Merci aux Éditions Noir sur Blanc et à l’opération Masse critique pour l’envoi de ce livre !



Monika Sznajderman ignorait tout de la famille de son père, celui-ci ne parlait pas du passé ni de sa famille, tous décédés.

Elle connaissait par contre les membres de la famille aristocratique de sa mère.

C’est à la réception de photos envoyés d’Australie par des parents éloignés de son père qu’elle s’est penchée sur l’histoire conjointe mais si différente de ses origines.



La famille de son père est juive, et hormis celui-ci tous ont péri alors qu’au même moment, du côté maternel, on vivait sans se préoccuper véritablement de ce qui arrivait aux juifs.

Certes, il y avait de la commisération pour les juifs avec qui l’on était en relation mais il existait deux mondes qui cohabitaient sans se connaître ni se mélanger.



Les recherches entreprises par Monika Sznajderman au départ de ces photos ont été considérables au point souvent, en début de lecture, d’être fastidieuses lorsqu’elle nous détaille par exemple le nom de toutes les personnes habitant un immeuble, avec leur métier, où les diverses rubriques d’un journal paru à une date donnée; ce ne sont que des exemples, il y a de nombreux autres détails qui m’ont paru superflus tout au moins jusqu’à ce que les événements tragiques soient relatés.

Après avoir développé la tragédie de la partie paternelle, elle nous plonge dans un tout autre monde, où alors que les juifs polonais se font massacrer, l’on vit relativement bien.

Les années après-guerre en Pologne

sont évoquées aussi : le refus de voir les juifs reprendre ce qui leur appartenait, leur prétendue attachement su communisme, et les pogroms qui se sont produits.

Radom, ville où vivaient tant de juifs n’a gardé aucune trace de ceux-ci.



Ces deux histoires suscitent chez l’auteure et par répercussion, sur ses lecteurs, de nombreuses questions : pourquoi n’avez-vous rien vu ? pouviez-vous ne pas savoir ? pourquoi n’avez-vous rien fait ? nous-mêmes, sommes-nous innocents ? l’indifférence peut-elle tuer ?

La réponse à ces questions est difficile, Monika Sznajderman le reconnaît, mais ne doivent-elles pas être posées ?

C’est tout l’intérêt de ce livre !



Ajoutons que les photos qui ont suscité la rédaction de ce livre y figurent, elles sont très nombreuses et toujours commentées.

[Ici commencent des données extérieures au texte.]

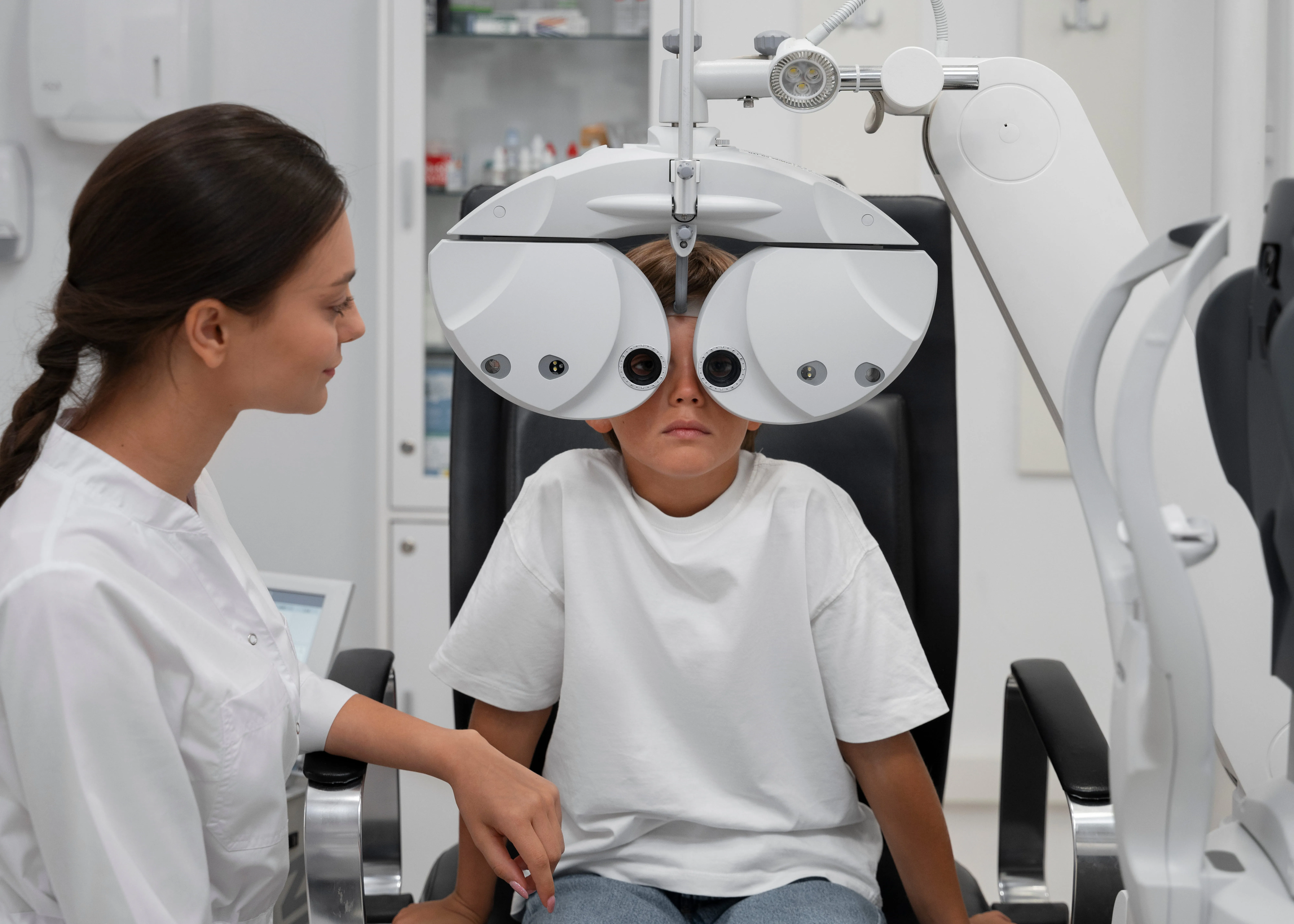 Female optometrist conducting eye examination on young patient using phoropter in clinical setting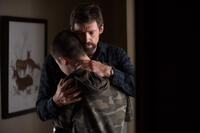 Dylan Minnette as Ralph Dover and Hugh Jackman as Keller Dover in "Prisoners."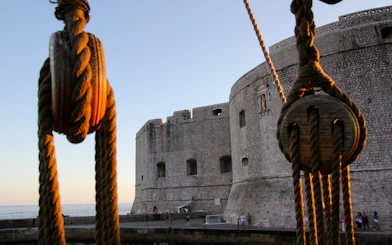 Ropes of a pirate ship with Dubrovnik's Old Town walls in the background.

Elle contribuent à l’effort, à la volonté, et su devoir de l’auteure de se souvenir, de ne pas oublier. Et sans elle, c’eût été le cas...



Cette histoire familiale m’a fortement intéressé, et c’est bien évidemment dû à mes liens avec la Pologne, j’y ai retrouvé cette relation ambiguë d’une certaine partie de l’aristocratie polonaise avec les juifs.

J’avais en effet été profondément choqué lors de mes premiers voyages dans les années soixante-dix tant par les blagues sur les juifs que par la minimisation du nombre de victimes de la Shoa, il en allait de même lorsque je voulais faire visiter Anvers à des Polonais, l’on insistait alors pour aller voir le quartier des diamantaires et là, rire de leurs papillotes.

Je ne voudrais surtout pas généraliser, cela ne concernait peut-être qu’une minorité de Polonais, j’en ai connu bien d’autres qui n’avaient pas et n’ont pas cette attitude, mais je n’avais jamais connu alors ce phénomène et il m’avait indigné.

Les jeunes Polonais heureusement ont changé...

Le gouvernement polonais actuel malheureusement entend gommer de l’Histoire toute faute commise par certains de ses compatriotes, et même punir ceux qui oseraient ternir l’image de la Pologne...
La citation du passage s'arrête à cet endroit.